(Recorded data)

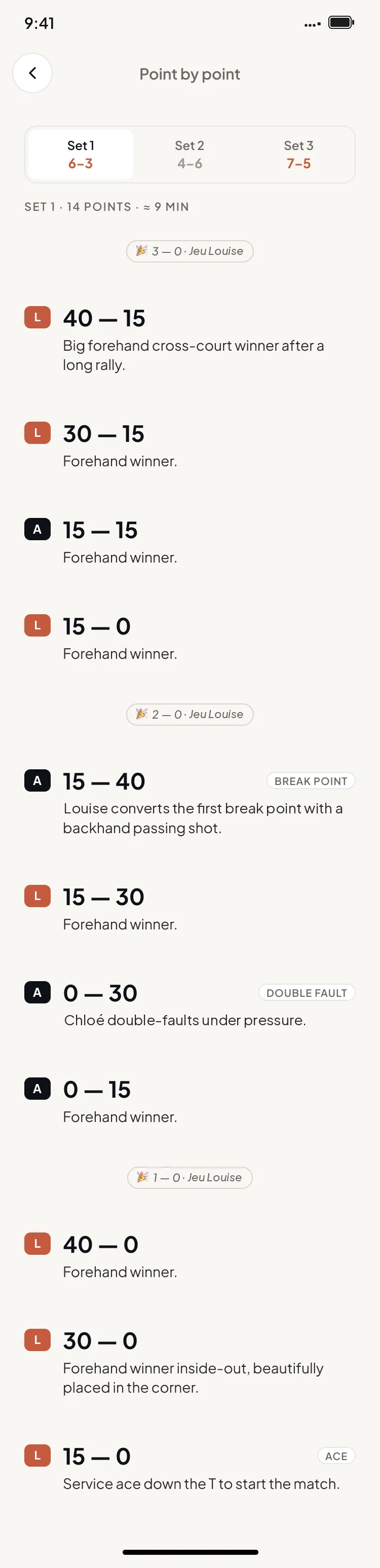 The match, point by point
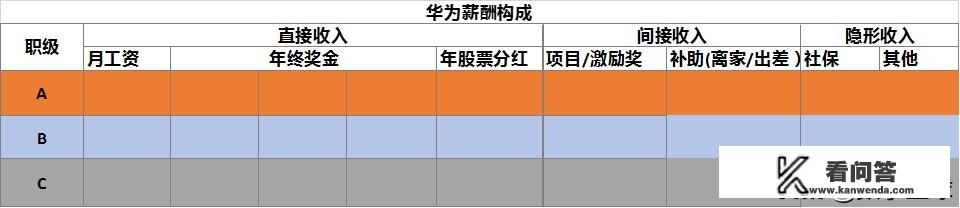 在华为十八级，是怎样的薪资水平？华为部长的年薪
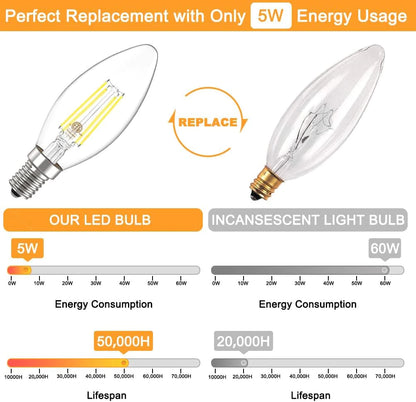 E12 Candelabra Bulb 60 Watt, Dimmable Led Chandelier Light Bulbs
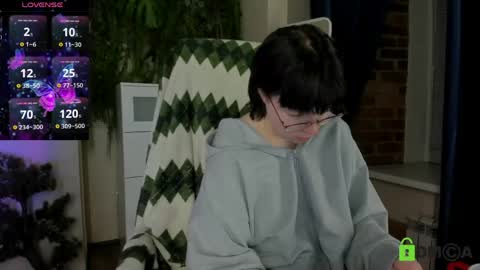 Snapshot of melissa_wells chatting on 05.28.26 Melissa online show from 05.28.26
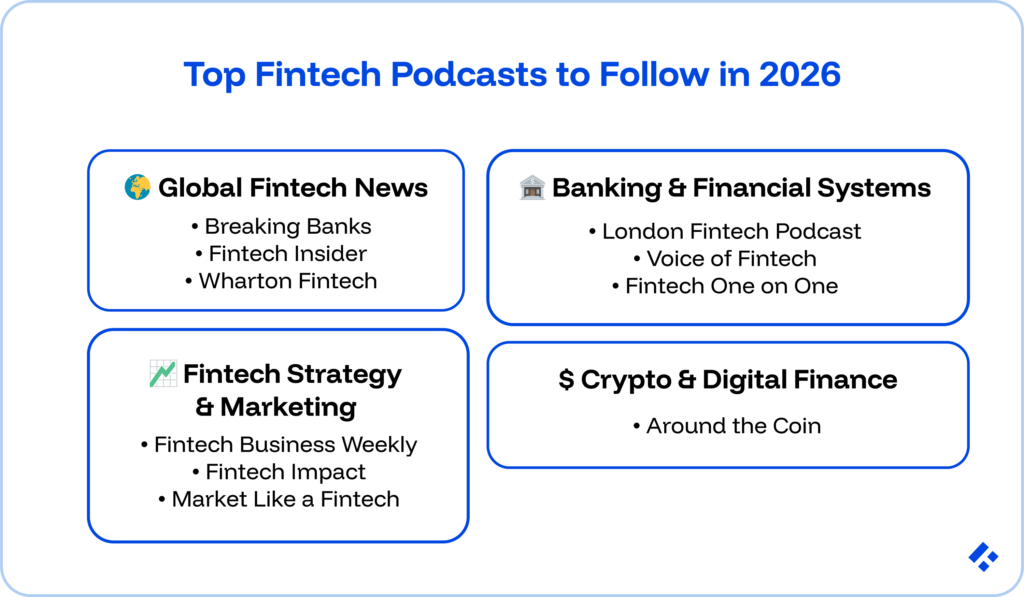 11 Best Fintech Podcasts of 2026 1 Top Fintech Podcasts to Follow in 2026.
All of the podcasts mentioned, sorted into four categories:
1. Global fintech news
2. Banking & Financial Systems
3. Fintech Strategy and Marketing
4. Crypto and Digital Finance.
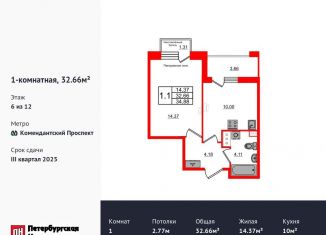 Продам однокомнатную квартиру, 32.7 м2, Санкт-Петербург, Приморский район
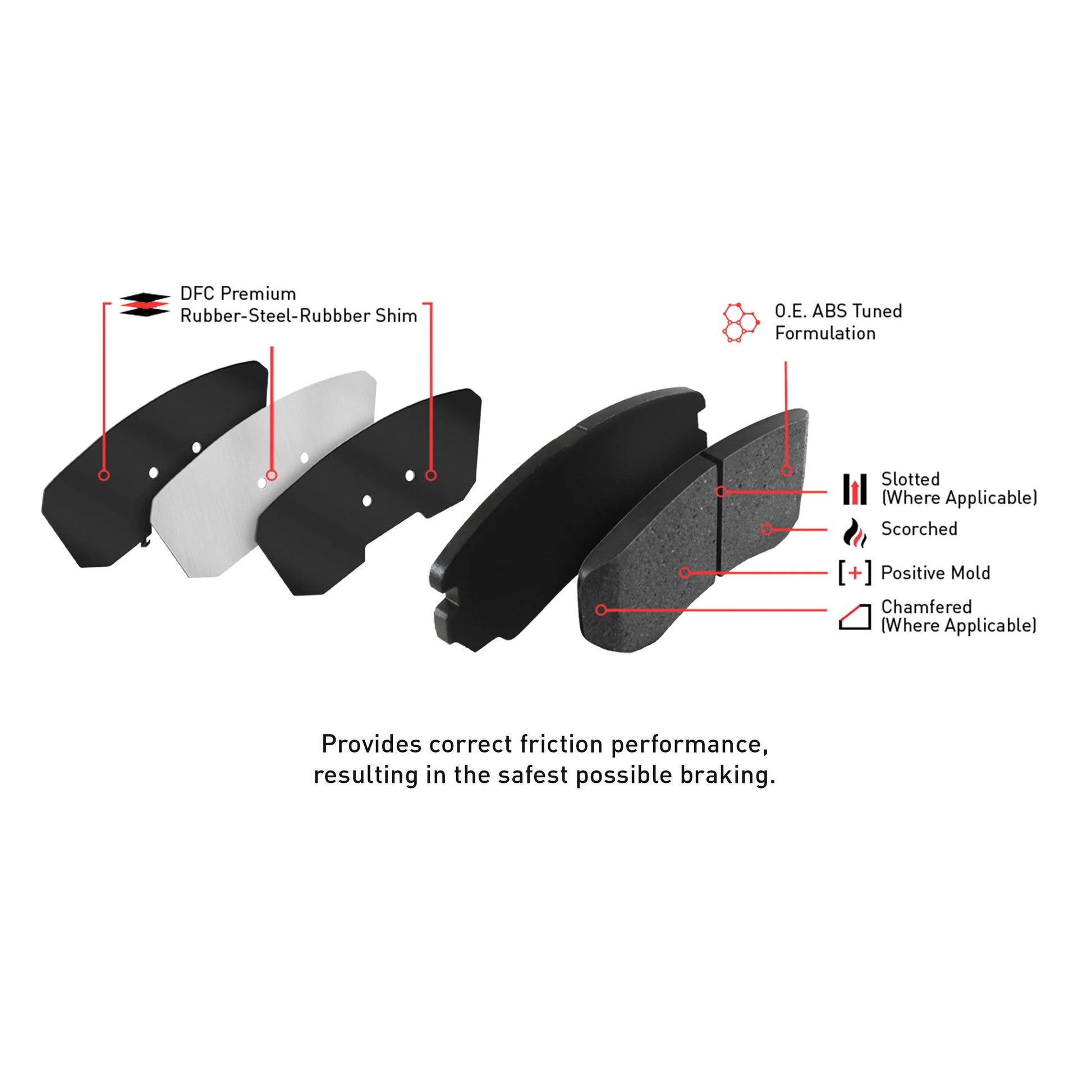 Dynamic Friction Company Front and Rear Brake Rotors with 5000 Advanced Brake Pads includes Hardware - 6514-21019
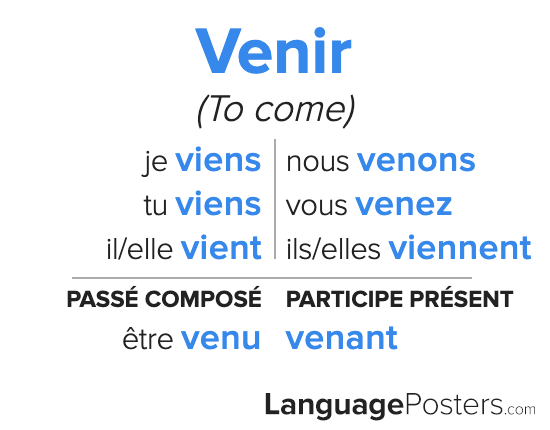 French Verb Conjugation Table Venir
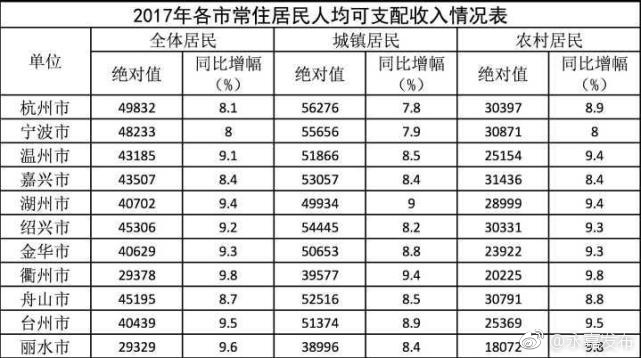 2017年浙江11市人均可支配收入出炉 你达标了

Your objective: Leave the pictures out, and copy exactly each line from the one containing "Продам однокомнатную квартиру, 32.7" through the final line of the data.

Exercise response:
 Продам однокомнатную квартиру, 32.7 м2, Санкт-Петербург, Приморский район
 Dynamic Friction Company Front and Rear Brake Rotors with 5000 Advanced Brake Pads includes Hardware - 6514-21019
 French Verb Conjugation Table Venir
 2017年浙江11市人均可支配收入出炉 你达标了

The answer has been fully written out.